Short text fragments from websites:
● ● ● ● ● ● ●

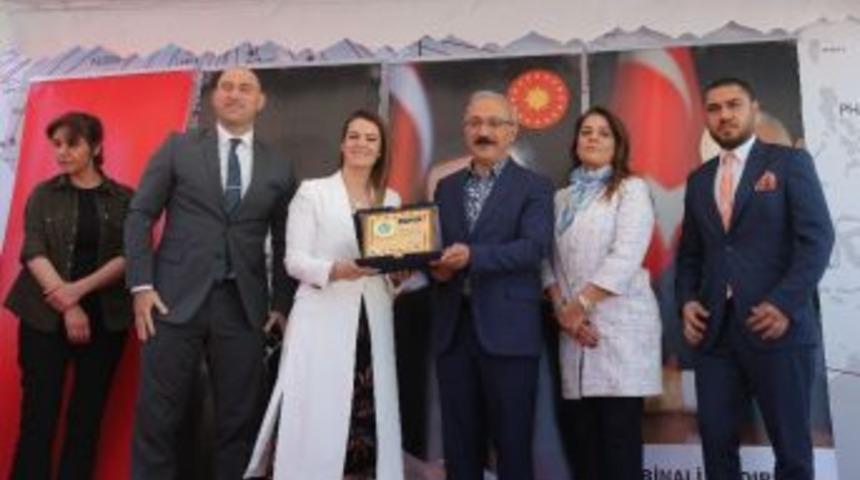 Bakan Elvan&rsquo;dan T&uuml;giad&rsquo;a Osb Teşekk&uuml;r&uuml;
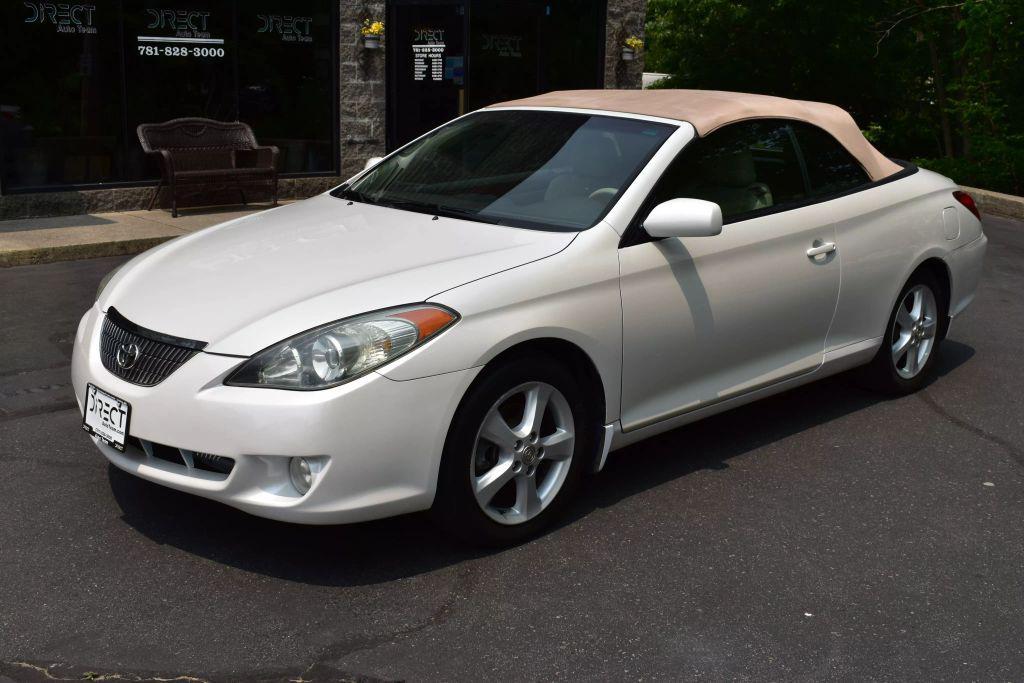 used 2005 Toyota Camry Solara car, priced at $9,897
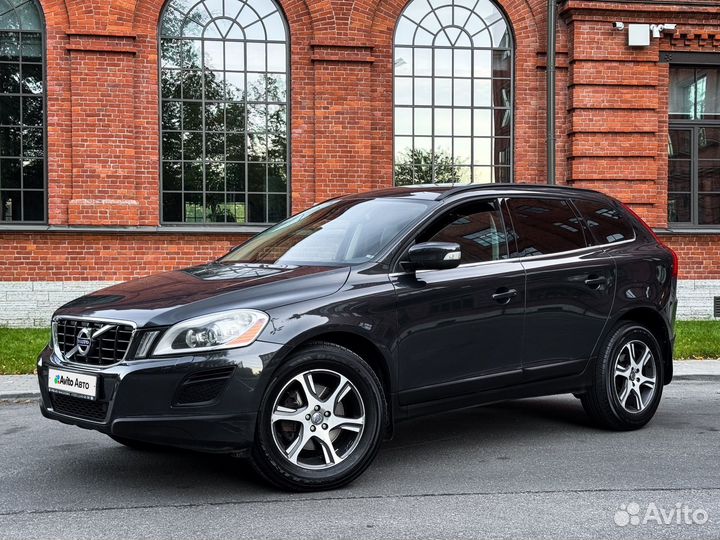 Volvo XC60 2.4 AT, 2012, 168 559 км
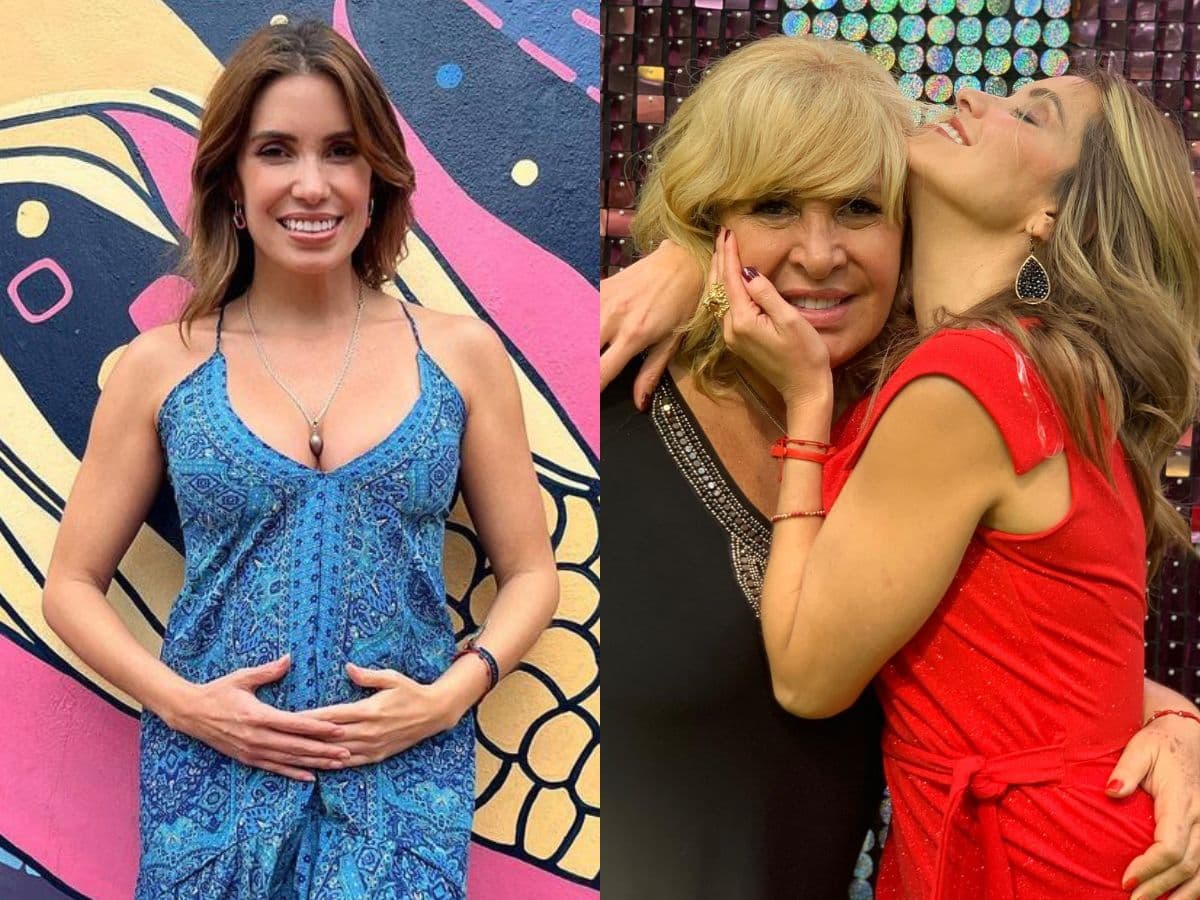 Andrea Escalona habla de su embarazo y hace confesión sobre Magda Rodríguez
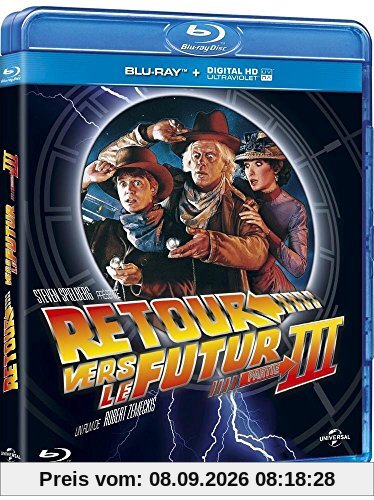 Retour vers le futur 3 [Blu-ray] [FR Import]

● ● ● ● ● ● ●

(PROBLEM REQUIREMENTS)
Produce an exact copy of every line above, with the images left out.

(TASK SOLUTION)
 Bakan Elvan&rsquo;dan T&uuml;giad&rsquo;a Osb Teşekk&uuml;r&uuml;
 used 2005 Toyota Camry Solara car, priced at $9,897
 Volvo XC60 2.4 AT, 2012, 168 559 км
 Andrea Escalona habla de su embarazo y hace confesión sobre Magda Rodríguez
 Retour vers le futur 3 [Blu-ray] [FR Import]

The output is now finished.